Mantengo fresca en mi retina la imagen del sinuoso edificio de la Hadid (520 West 28th) en el High Line de Nueva York. No hace mucho volví a pasearlo, disfrutando del diseño de los jardines de Piet Oudolf. Compré un helado artesanal a uno de los vendedores ambulantes que lo habitan, y me detuve hipnotizado frente a uno de los apartamentos. Vacío, con la cocina por estrenar, a la altura de un segundo o quizá un tercero, apenas a tres o cuatro metros de distancia de los miles de paseantes que caminan sobre los viejos raíles de tren. Y me imaginé desnudo, como vine al mundo, en aquella cocina-salón, preparándome un café en una pequeña Bialetti. Me vi siendo observado por los transeúntes (no dejes de escuchar la canción homónima de Jorge Drexler) que tomaban apuntes de mi anatomía, incorporado a esa Nueva York en la que nada sorprende.

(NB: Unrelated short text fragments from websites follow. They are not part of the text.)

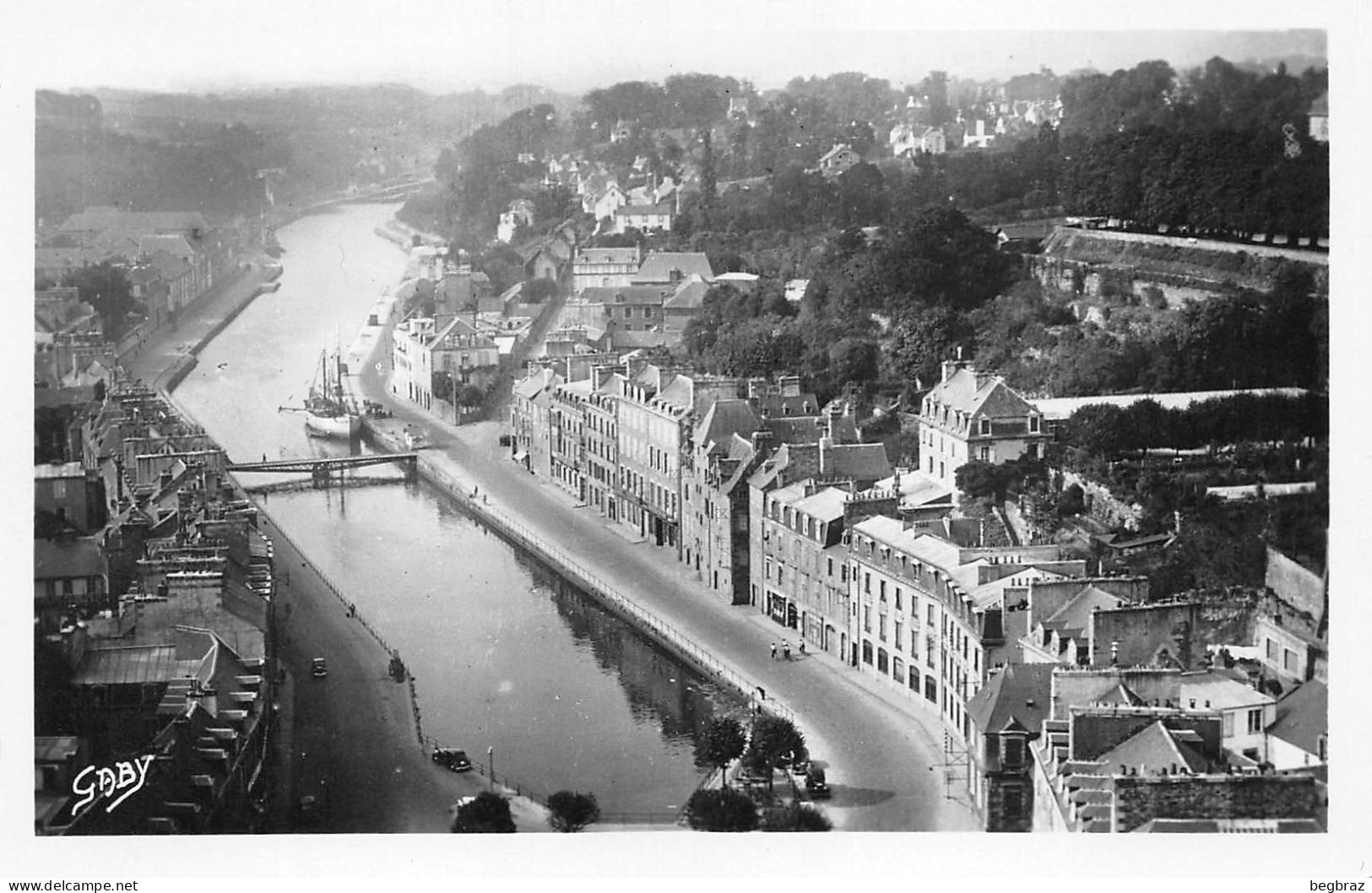 MORLAIX      VUE D ENSEMBLE - Morlaix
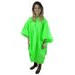 PONCHO PVC NEONOVÁ, PIDILIDI, PL0066-19, ZELENÁ - PLÁŠTĚNKY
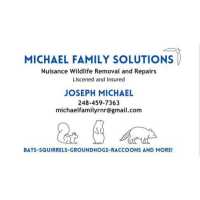 Michael Family Solutions Nuisance Wildlife Removal Logo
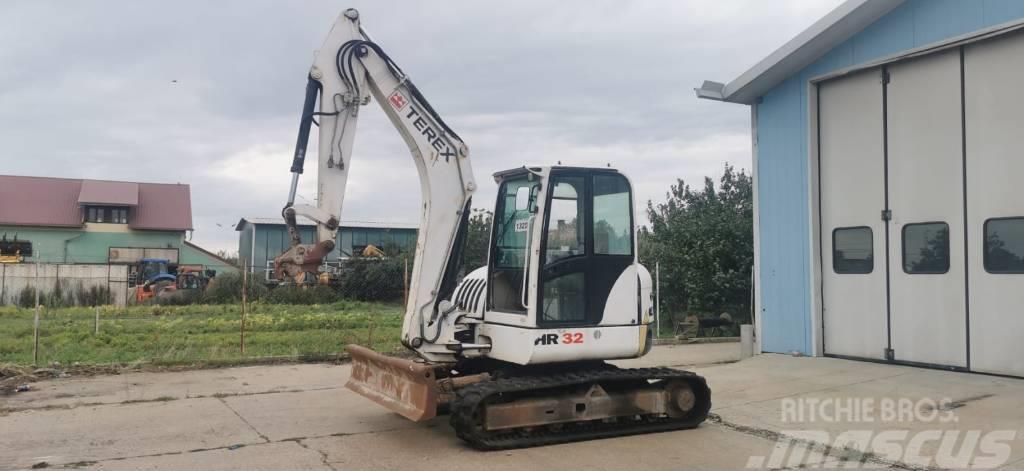 Terex HR 32 Midi excavators  7t - 12t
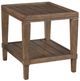 England Furniture Oliver Brown Rectangular End Table-0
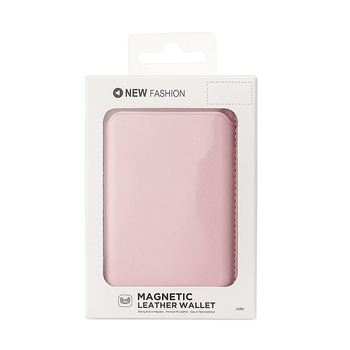 Husă din piele PU pentru iPhone 16 Pro Max cu suport magnetic MagSafe și buzunar pentru carduri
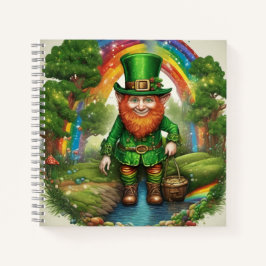 Leprechaun Hardcover Notizblock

Las pedradas entre los cuatro albaceas, herederos de la Hadid, rugen por 75 millones de euros. No importan mucho los detalles, que la mayor parte será destinada a una fundación, y que algunos de los herederos ya han cobrado una cantidad que les parece digna de pleito. Occidente se derrumba. Mientras que en vida Zaha merecía admiración y respeto, muerta, su memoria queda resumida al interés económico que todo lo pudre. A ladrillazo limpio.